(Web page caption snippets)
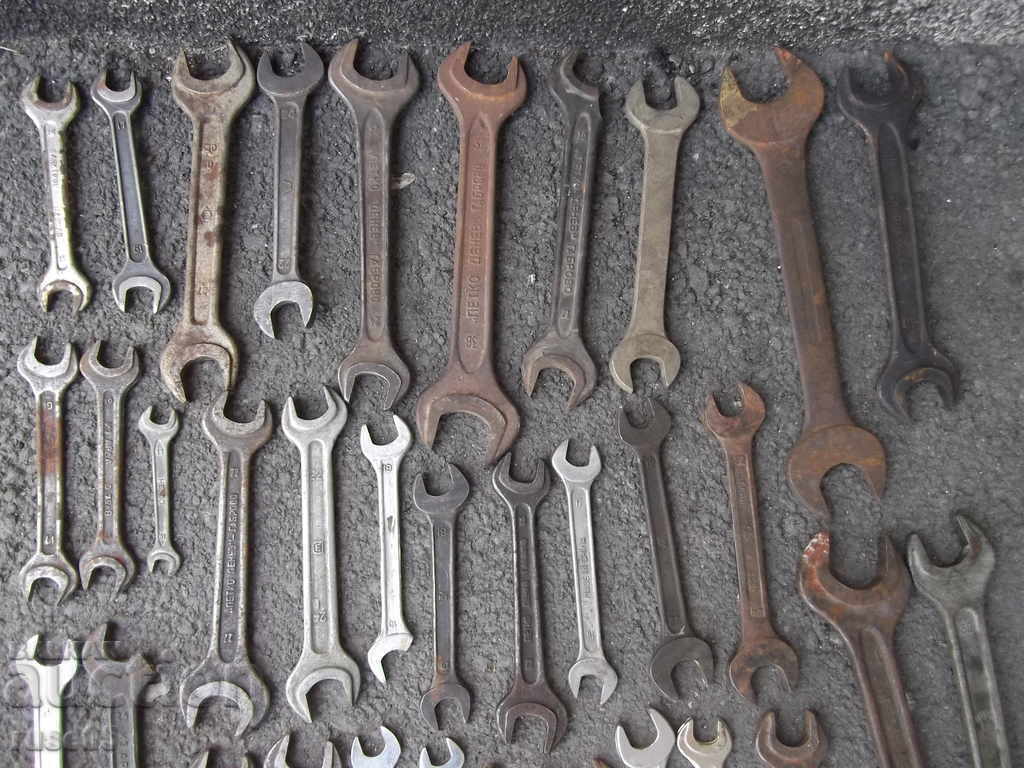 Παρτίδα 48 τμχ. κλειδιά με τιμή 75.00 BGN | € 38.35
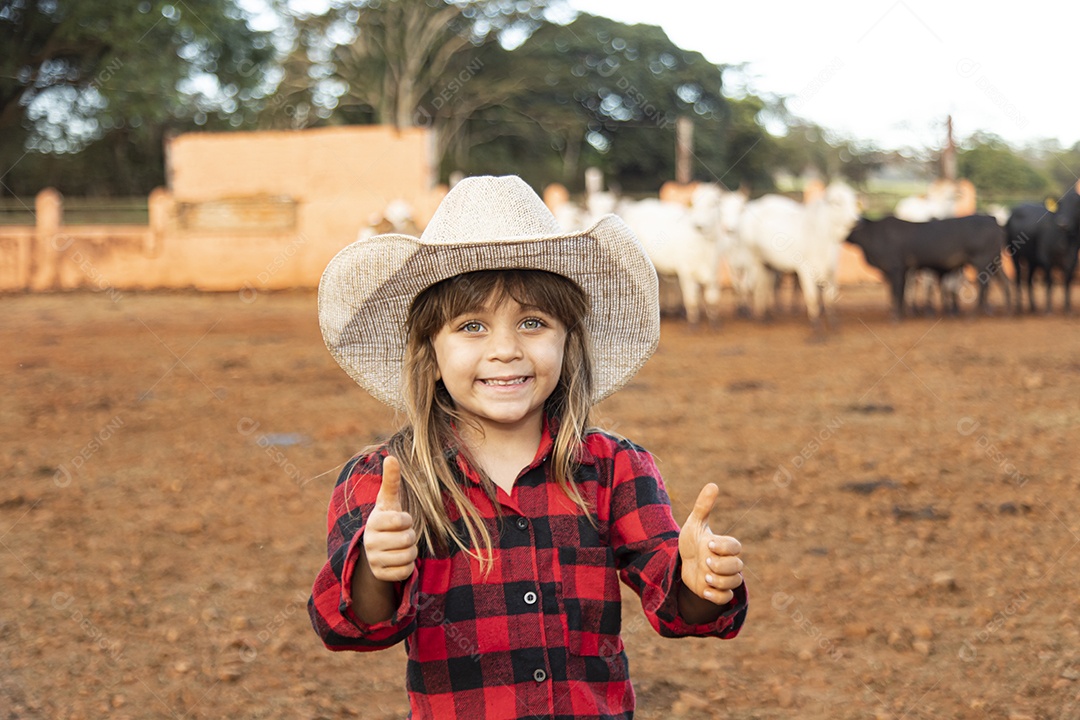 Garotinha linda jovem agricultora sobre fazenda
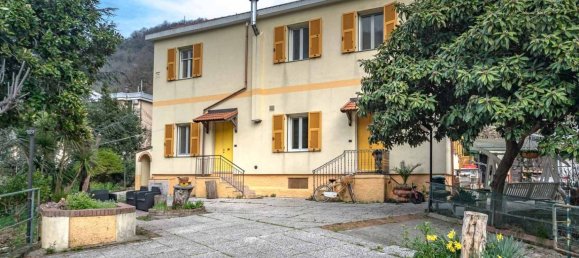 6 bedrooms Villa in Genoa, Italy No. 297619 5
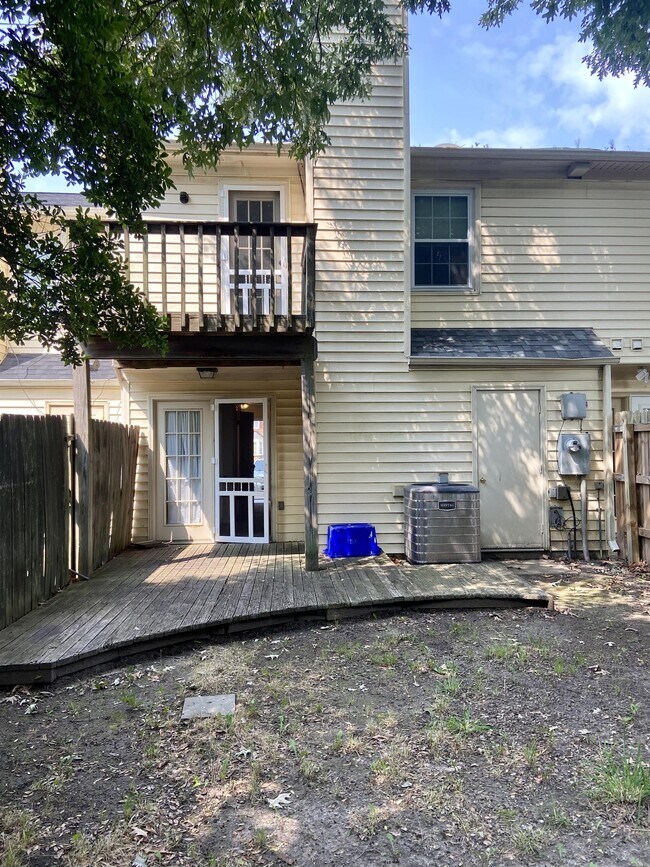 Building Photo - 910 Jay Are Ct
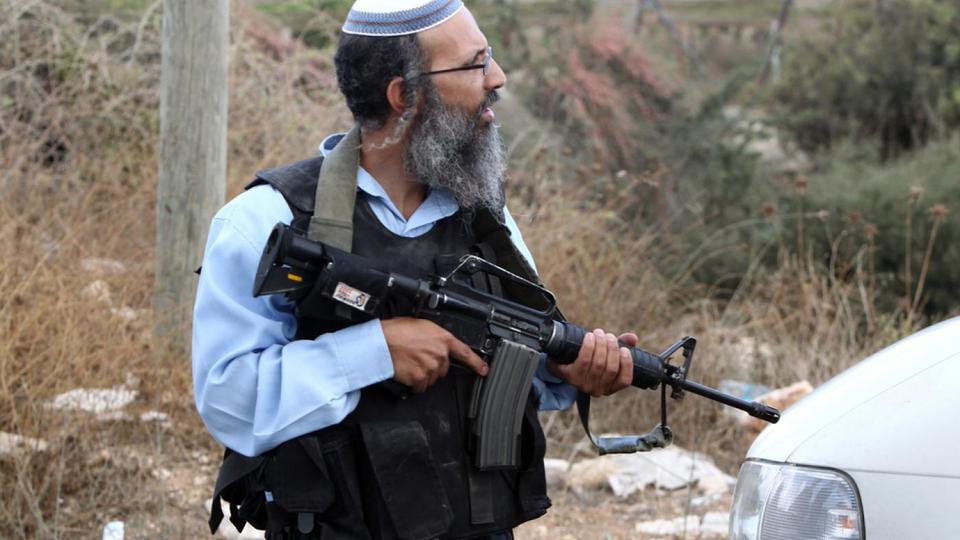 İsrail, Sivillere Silah Ruhsatı Veriyor
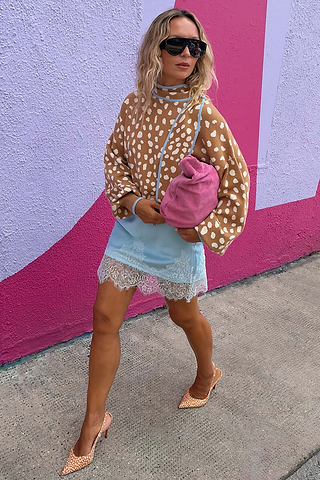 Model is 5ft5” and wears UK size 10/ US 6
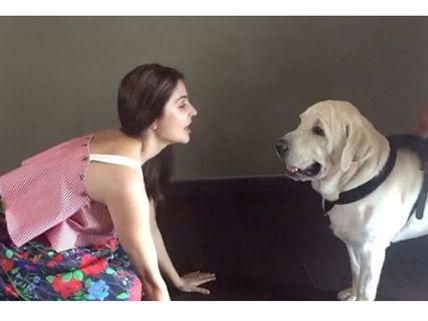 Anushka Sharma Sings 'Bulleya' To Her 'Dude' & His Reaction Is Priceless!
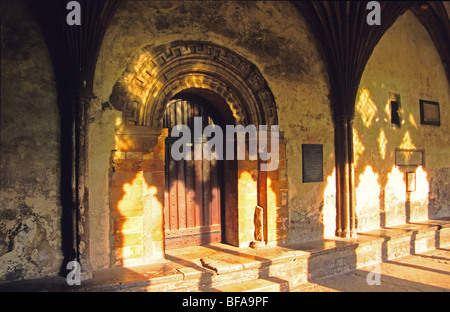 La Cattedrale di Canterbury, porta nei chiostri Foto Stock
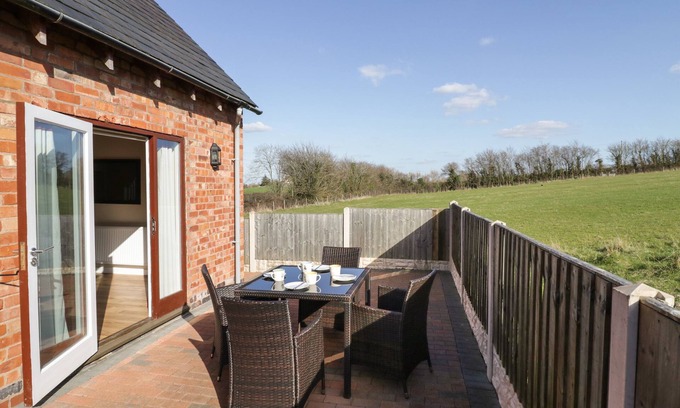 Ardens Grafton Cottage | Family-Friendly Walnut Cottage with Garden in Welford-On-Avon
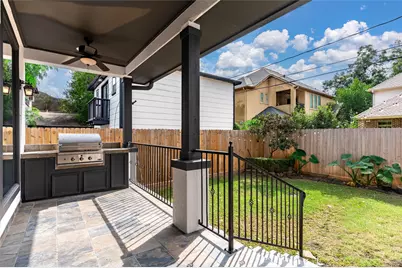 4523 Maple Street, Bellaire, TX 77401 - Photo 44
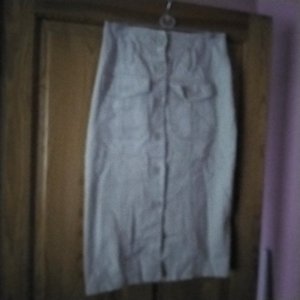 Photo of free ladies oatmeal button down front skirt (Marton Bank FY3)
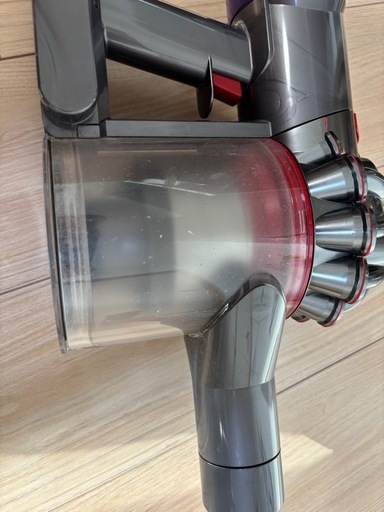 Dyson V8 掃除機（SV10K）付属品多数・2019年製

**What the exercise asks:** Transcribe every entry word for word, excluding images.

**Response area:**
 Παρτίδα 48 τμχ. κλειδιά με τιμή 75.00 BGN | € 38.35
 Garotinha linda jovem agricultora sobre fazenda
 6 bedrooms Villa in Genoa, Italy No. 297619 5
 Building Photo - 910 Jay Are Ct
 İsrail, Sivillere Silah Ruhsatı Veriyor
 Model is 5ft5” and wears UK size 10/ US 6
 Anushka Sharma Sings 'Bulleya' To Her 'Dude' & His Reaction Is Priceless!
 La Cattedrale di Canterbury, porta nei chiostri Foto Stock
 Ardens Grafton Cottage | Family-Friendly Walnut Cottage with Garden in Welford-On-Avon
 4523 Maple Street, Bellaire, TX 77401 - Photo 44
 Photo of free ladies oatmeal button down front skirt (Marton Bank FY3)
 Dyson V8 掃除機（SV10K）付属品多数・2019年製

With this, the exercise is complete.